**Problem details**
Once the pictures are set aside, reproduce the remaining data exactly.

**Data below**
+---+

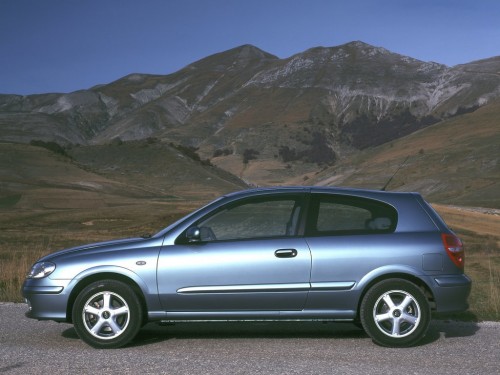 Характеристики автомобиля Nissan Almera 1.8 AT Комфорт (02.2000 - 10.2002): фото, вместимость, скорость, двигатель, топливо, масса, отзывы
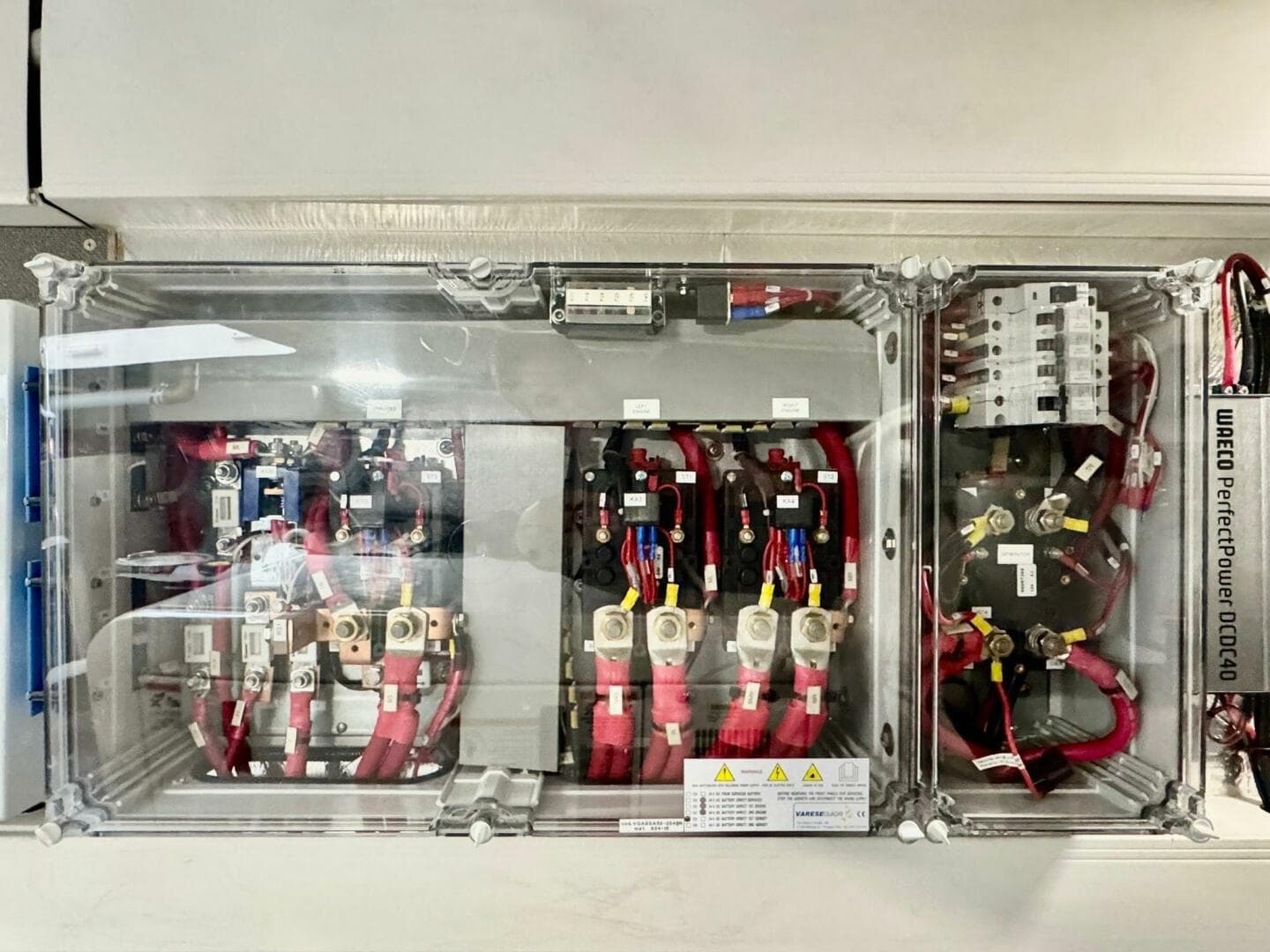 2016 Absolute 45 Sport Yacht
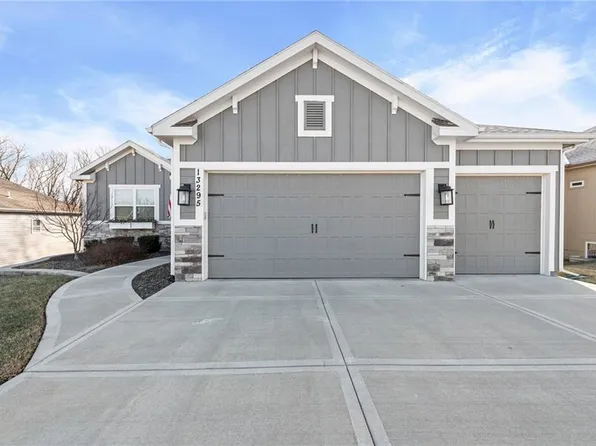 13295 N Silver Ridge Dr, Platte City, MO 64079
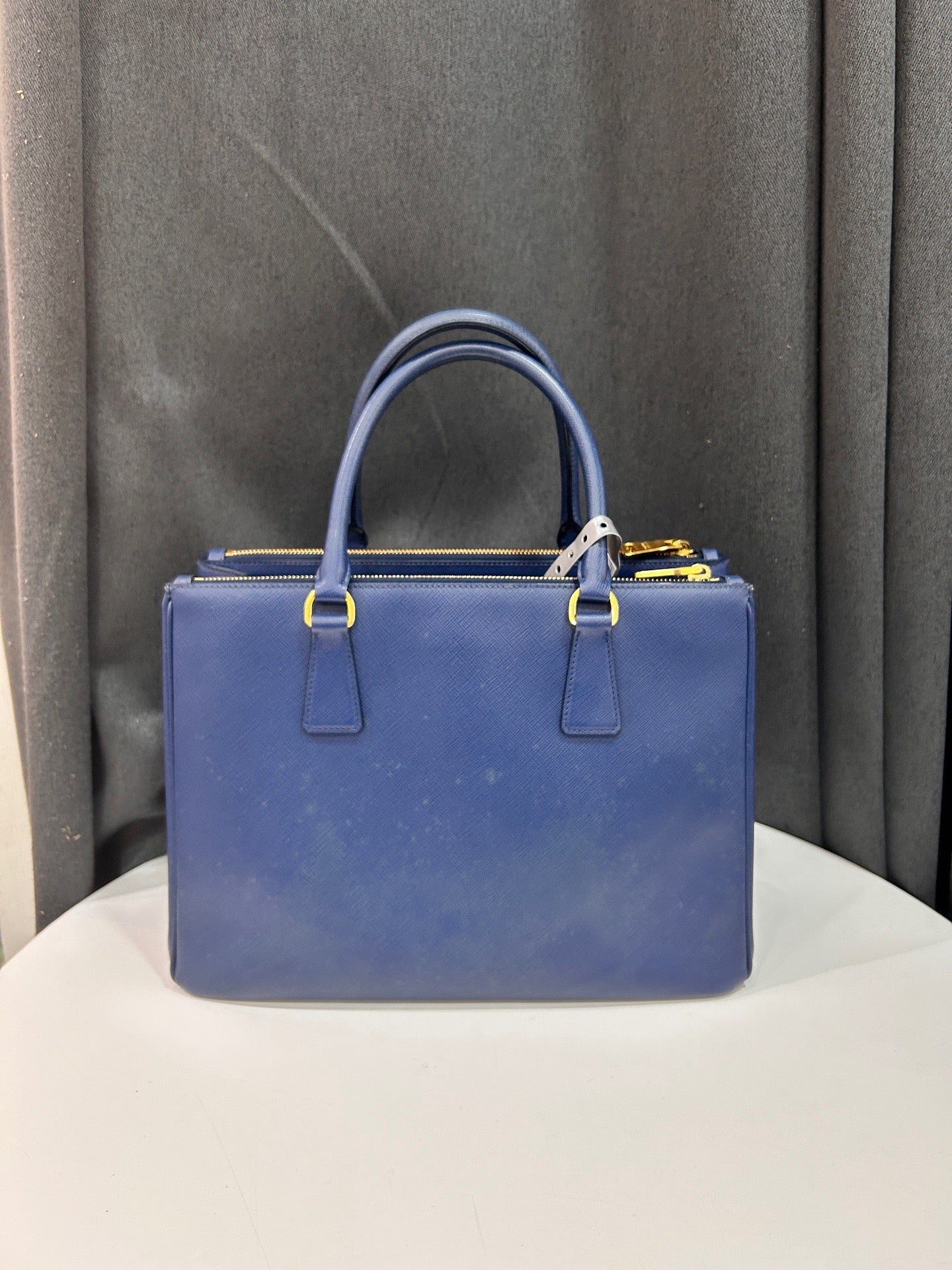 Prada - Saffiano - Leather - Blue - (medium)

+---+

**Answer for the task**
 Характеристики автомобиля Nissan Almera 1.8 AT Комфорт (02.2000 - 10.2002): фото, вместимость, скорость, двигатель, топливо, масса, отзывы
 2016 Absolute 45 Sport Yacht
 13295 N Silver Ridge Dr, Platte City, MO 64079
 Prada - Saffiano - Leather - Blue - (medium)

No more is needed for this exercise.